JDKis erg tevreden met de houding van verdachte. Hij vindt het moeilijk om in gesprek te gaan over zijn gevoelens, maar inmiddels stelt hij zich steeds vaker open en kwetsbaar op. Op dit moment gaat verdachte naar school en stage en hij is op zoek naar een bijbaan. Hij heeft betrokken leraren en een stagebegeleider, die veel rekening houden met zijn persoonlijke omstandigheden. Het is van belang dat de huidige hulp wordt voortgezet, zodat verdachte gestimuleerd kan worden om de positieve stappen vast te houden.

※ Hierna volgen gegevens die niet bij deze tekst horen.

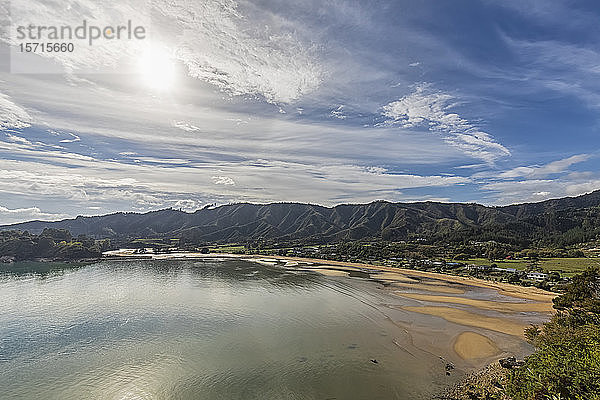 Neuseeland  Region Tasmanien  Sonne scheint über der Golden Bay und dem Strand der Ligar Bay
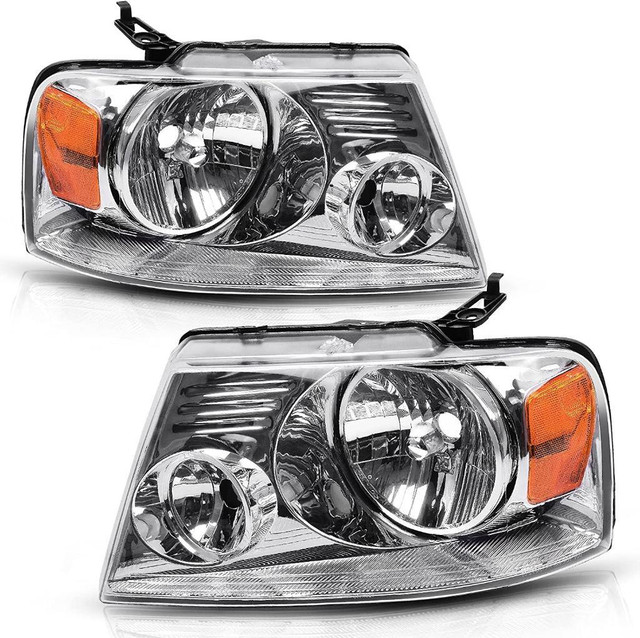 FORD F150 Headlights Headlamps lumière avant 2004-2008 in Auto Body Parts in Greater Montréal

De rechtbank overweegt als volgt.
De rechtbank is van oordeel dat gelet op de hiervoor genoemde omstandigheden – en het feit dat de rechtbank twee feiten (in zaak A), waaronder het meest heftige feit (de steekpartij) niet bewezen acht, terwijl de officier van justitie bij haar strafeis wel van een bewezenverklaring daarvan is uitgegaan - er aanleiding bestaat om bij de straftoemeting fors in het voordeel van verdachte af te wijken van hetgeen door de officier van justitie is gevorderd. Verdachte heeft in het kader van de in zaak A onder 1 en 2 ten laste gelegde feiten een lange periode, te weten 101 dagen, in voorlopige hechtenis verbleven. Gelet op de oriëntatiepunten jeugd is voor het voorhanden hebben van de messen (de in zaak A onder 3 en de in zaak B ten laste gelegde feiten) een werkstraf geïndiceerd. De rechtbank zal aan verdachte met inachtneming van de oriëntatiepunten een werkstraf van 120 uren opleggen, met aftrek van de tijd die verdachte in voorlopige hechtenis heeft doorgebracht. Dit betekent dus dat verdachte per saldo geen taakstraf meer hoeft uit te voeren. De rechtbank benadrukt daarnaast dat, hoewel verdachte wordt vrijgesproken van de tenlastegelegde steekpartij, verdachte een compliment verdient dat hij zowel individueel als samen met zijn medeverdachten in die zaak heeft meegewerkt aan de geslaagde mediation met het slachtoffer. Door dit te doen geeft verdachte aan dat hij geen strijd wil met het slachtoffer en dat iedereen zich veilig moet kunnen voelen op straat. Hopelijk wordt dit voorbeeld overgenomen door andere jongeren en voorkomt dit verdere geweldsincidenten tussen (groepen) jongeren.